There will be safety protocols for the audience when the play opens. Most noticeably, audiences will be limited to 48 people and seated in pods – small groups of friends and family who are comfortable sitting together – and masks will be mandatory. There will be paperless ticketing, digital playbills and no lingering in the lobby and no concessions. The play lasts about 90 minutes with no intermission. Portland Stage has adjusted showtimes on two-show days to allow more time to sanitize the theater between performances. It also has updated its air-circulation system with bipolar ionization technology, which attacks bacteria, mold and viruses.
And it will record one performance for digital streaming by audiences who are more comfortable staying home. All for the sake of art.
“As artists, we need each other desperately,” Wood said. “We are better as a group than we are solo.”
Playwright Lanford Wilson won the Pulitzer Prize in 1980 for “Talley’s Folly,” which tells the story of Matt Friedman and Sally Talley, would-be lovers who have to navigate the circumstances of their times and their very different lives to find a way to make their romance work. Stewart chose the play because its themes resonate today. It involves class politics, immigration and the judgment of others, as well as the idea of the collective good versus individual prosperity. There’s even a subtheme of tuberculosis, an infectious disease that forced Sally into isolation.
“On the surface and beneath, it’s a love story, but it’s also about a country dealing with economic hard times and wartime and the idea of ‘the other’ – the idea of immigrants and people who are different and what it means to come in contact with them, and prejudice and racism,” Mason said. “It all comes together in this beautiful dance of a love story that seems really appropriate for the times that we are in. It tells this story of two broken people dealing with a difficult time and battling their way out of it, whether they want to or not.”

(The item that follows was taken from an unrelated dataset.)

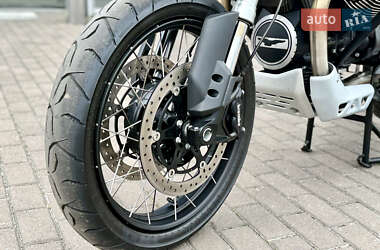Мотоцикл Внедорожный (Enduro) Moto Guzzi V85TT 2023 в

“It asks questions about how we take care of the least fortunate in our community,” McCafferty added. “It’s about two individuals who are struggling with fear and reflect a nation seized by fear. How do you choose to move through fear and choose to be hopeful and courageous? How do you do the right thing for your community when you are afraid of losing everything?”
McCafferty and Mason met in a production of “Almost, Maine,” written by Mainer John Cariani, in 2009 at Shadowland Stages in Ellenville, New York. A year later, they were cast together in “Last Gas” at Portland Stage, a play also written by Cariani, who spoke at their wedding. Given their history with the theater and their connections to Portland and Maine, McCafferty and Mason said it was appropriate to return to work here.
Many times since the spring, they wondered if their careers and ways of life would end because of the pandemic. When Stewart told the couple this summer she was working with Equity for permission to do a show, it felt like a lifeline, McCafferty said.
She dared to hope.
“I can’t tell you what that did for my heart. Between March and July, like so many people I know in the arts industry, I was really struggling. We all lost our entire way of life and our communities, and I was pretty devastated. Getting that email from Anita in July that this had moved from an idea to an actual plan that had potential, that was the only thing I could be hopeful about.”